Just to the south of the Amazon, there is a vast and biodiverse savanna that scientists believe is under even greater threat, called the Cerrado. Scientists want to understand how the plants that live in the Cerrado affect the rainfall that enters the ground to recharge the aquifer. Many of these plants are trees that capture rainwater and drain it down their bark-covered branches and trunks. This water, called stemflow, may be one way to recharge the aquifer, if the branches and bark of the trees are the right size and shape. This article will introduce the common plant species of the Cerrado, describe how they affect the way rainfall enters the ground, and discuss how bark and branches may help conserve water.
Do You Know the Cerrado?
The Cerrado originated at least 40 million years ago, making it one of the oldest biomes on Earth. The Cerrado is huge, originally covering 22% of Brazil, and it contains the highest biodiversity of any biome in Brazil. The Cerrado isn’t the same over its entire area; instead, it is a patchwork made of different types of land cover, including cerradão (“big cerrado”), typical cerrado, campo cerrado, dirty cerrado field, and clean cerrado field. The cerradão is the only type of land in the Cerrado with large forests. There is a great diversity of plants in the Cerrado, including palm, fruit, and timber trees, plus a wide variety of grasses, bromeliads (like mini pineapples), orchids, and other smaller plants. Some species, like timber trees, have twisty and thick trunks reaching up to 20 meters in height. Other woody plants are shorter and more like bushes, like the strawberry guava.

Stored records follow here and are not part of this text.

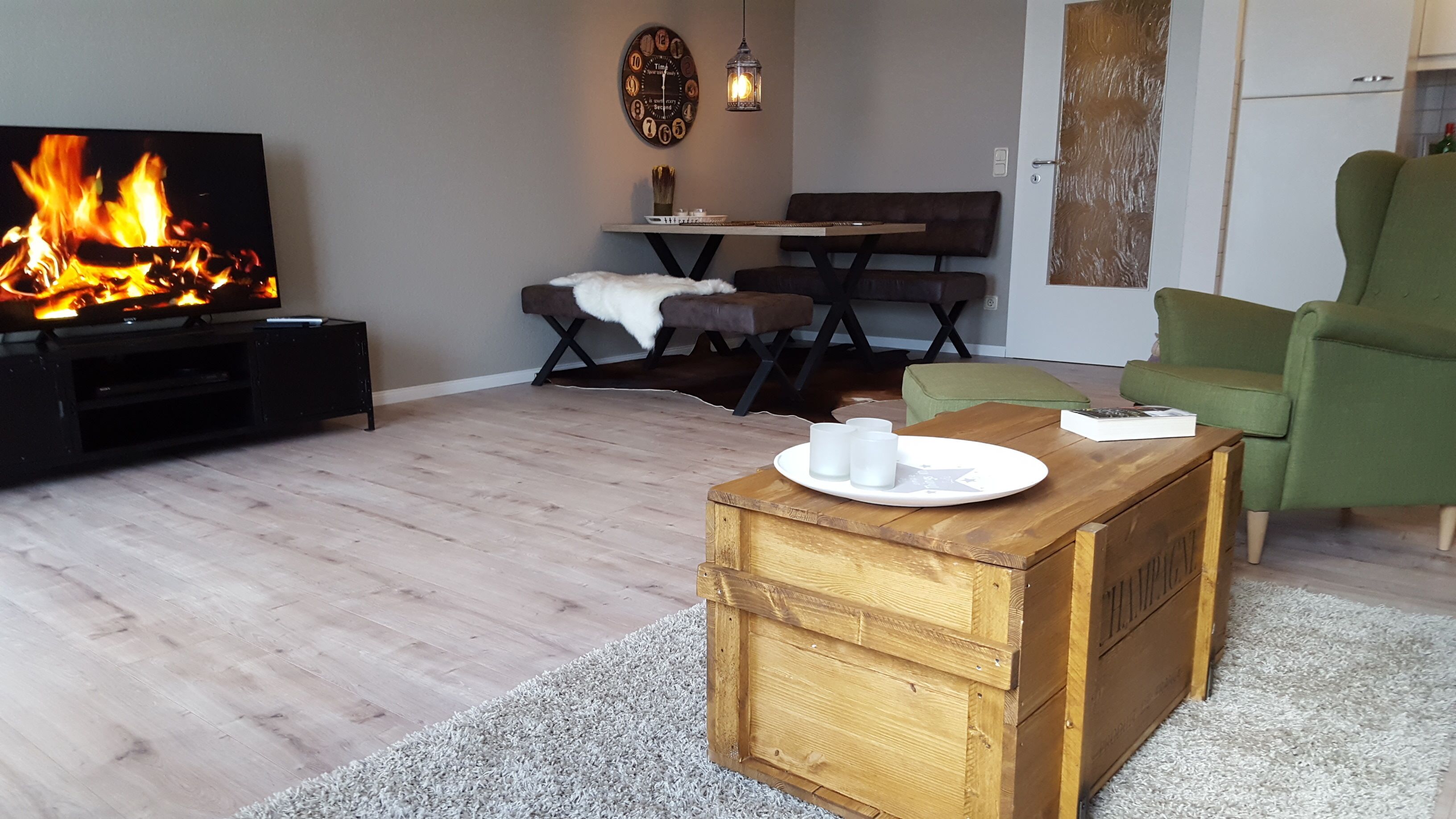 Télévision, lecteur de DVD, livres, chaîne hi-fi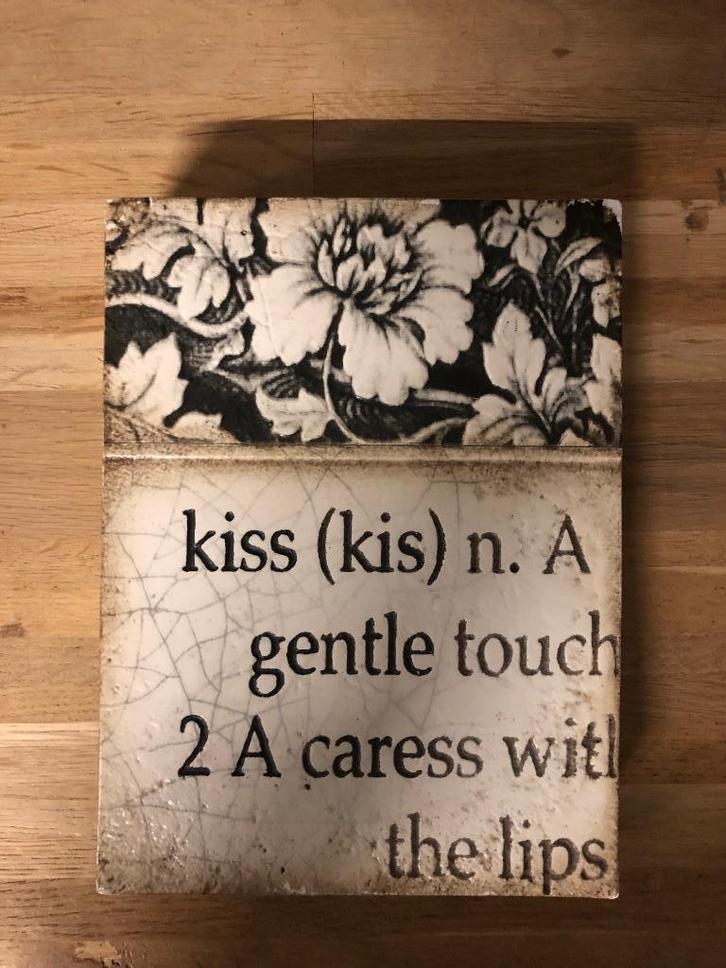 Sid Dickens First Kiss T-285 memory block, Antiek en Kunst, Antiek | Wandborden en Tegels, Ophalen of Verzenden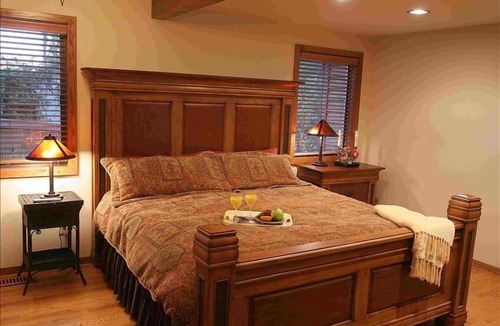 Freeland House | Harbor Chalet Waterfront Home Overlooks Holmes Harbor!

This diversity of plant life is surprising because the Cerrado has a dry season every year that can last from April to September and the soils are generally low in nutrients. Scientists believe that many trees survive the long dry seasons in poor soils due to their deep root systems: some roots can reach up to 15 meters in depth. This allows them to capture water from natural water storage areas called aquifers, deep below the surface. The rainwater that flows through this huge savanna contributes water to the Guarani aquifer, which is important to many countries in South America. Many measurements and estimates suggest that the height of the tree canopy above the ground is only a third of distance that the roots extend into the soil. Because its root system can be more extensive than its treetops, the Cerrado is also called the “upside-down forest.” So, the Cerrado’s upside-down forest is strongly rooted into the aquifers below it (Figure 1).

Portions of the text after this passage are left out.